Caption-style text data
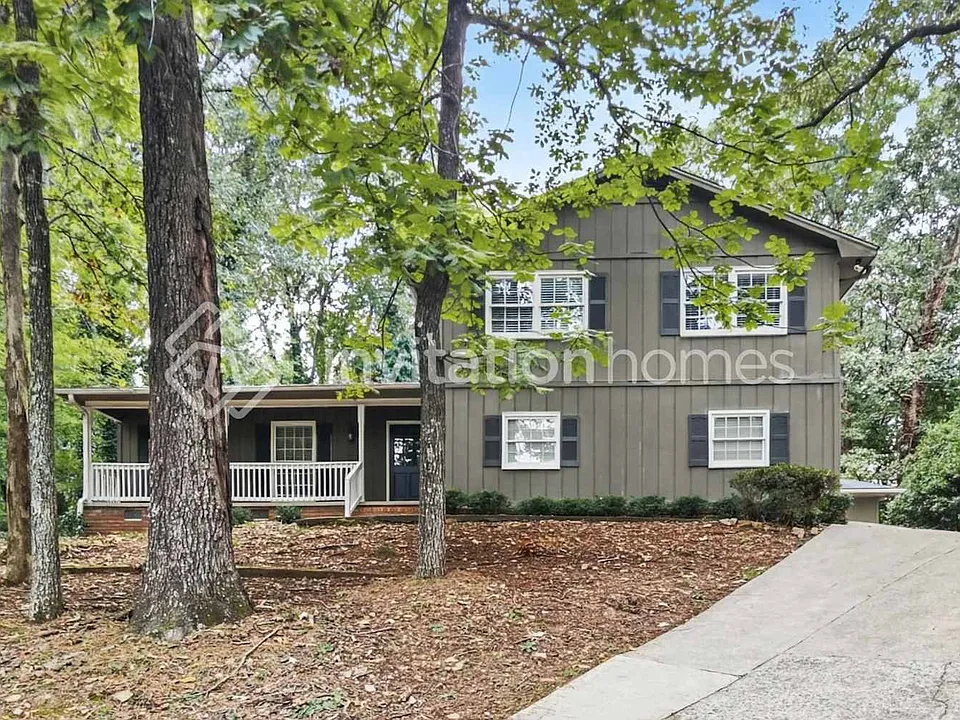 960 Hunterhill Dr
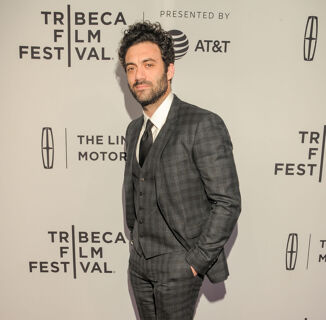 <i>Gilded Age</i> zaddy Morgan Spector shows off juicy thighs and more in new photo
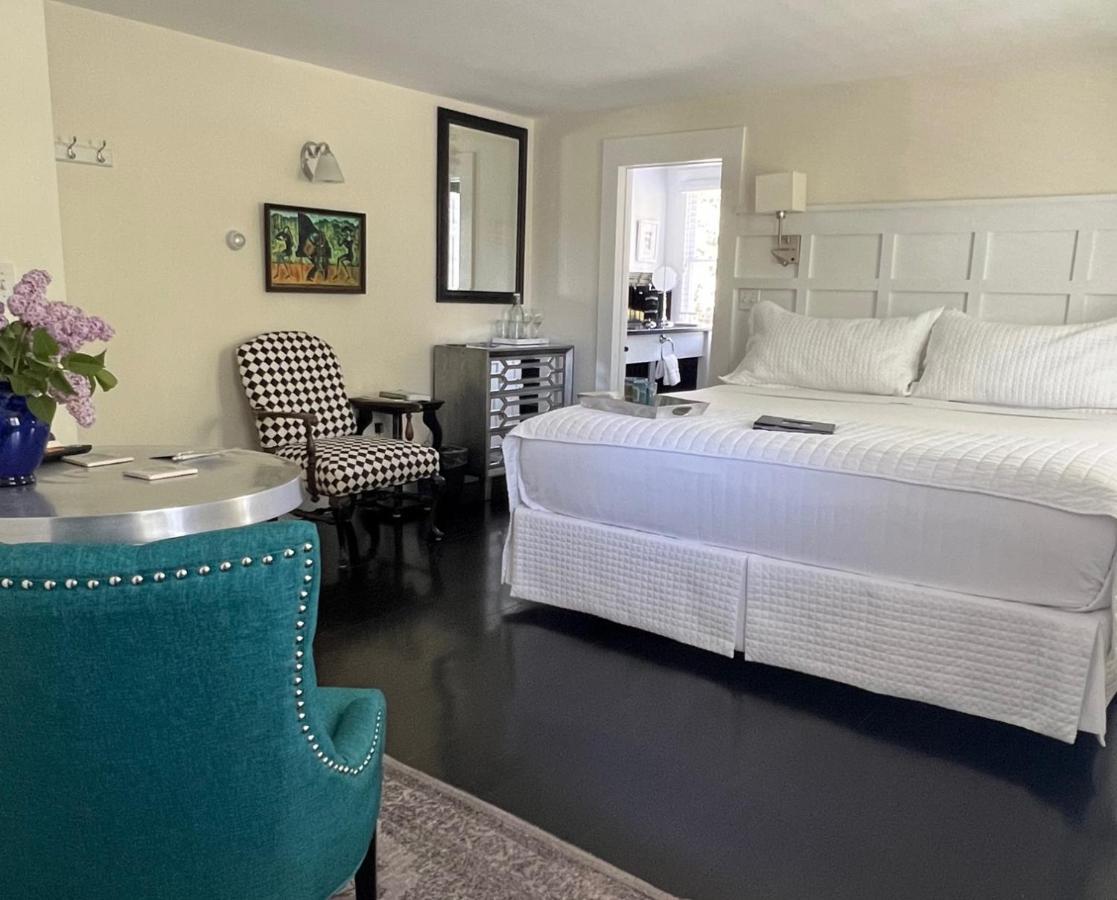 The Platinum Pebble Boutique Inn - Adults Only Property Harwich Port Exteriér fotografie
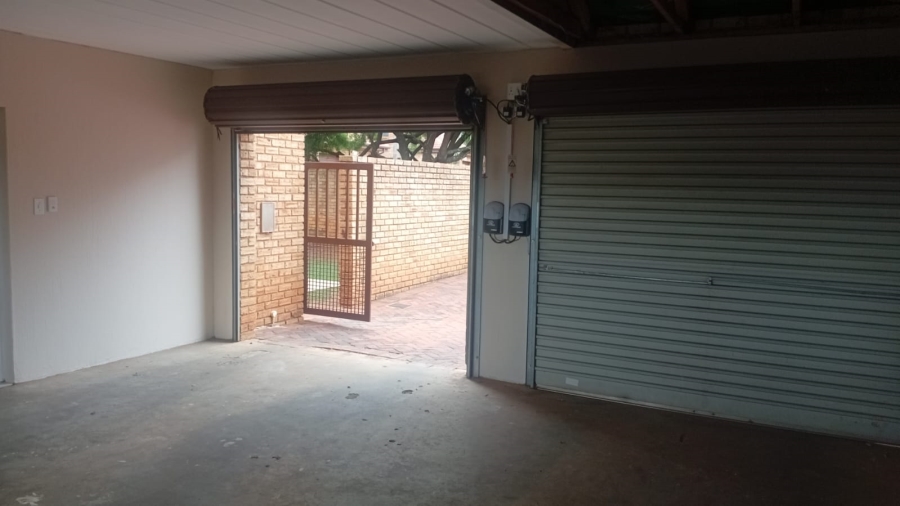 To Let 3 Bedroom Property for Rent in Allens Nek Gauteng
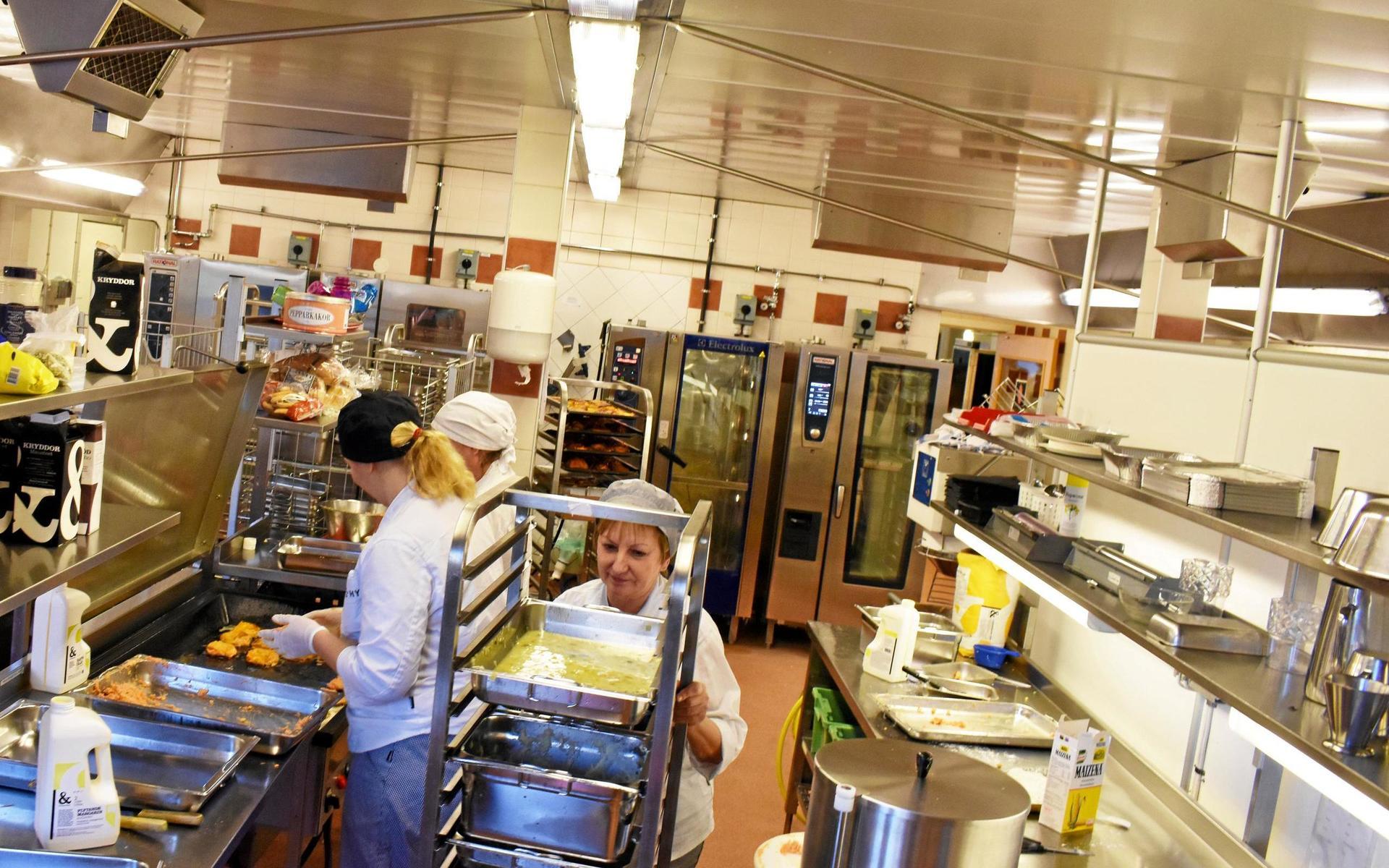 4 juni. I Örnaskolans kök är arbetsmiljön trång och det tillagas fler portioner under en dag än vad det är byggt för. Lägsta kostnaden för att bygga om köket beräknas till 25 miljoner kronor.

(ACTIVITY) Please print the records above once more, word for word, omitting all pictures.

(WRITTEN REPLY)
 960 Hunterhill Dr
 <i>Gilded Age</i> zaddy Morgan Spector shows off juicy thighs and more in new photo
 The Platinum Pebble Boutique Inn - Adults Only Property Harwich Port Exteriér fotografie
 To Let 3 Bedroom Property for Rent in Allens Nek Gauteng
 4 juni. I Örnaskolans kök är arbetsmiljön trång och det tillagas fler portioner under en dag än vad det är byggt för. Lägsta kostnaden för att bygga om köket beräknas till 25 miljoner kronor.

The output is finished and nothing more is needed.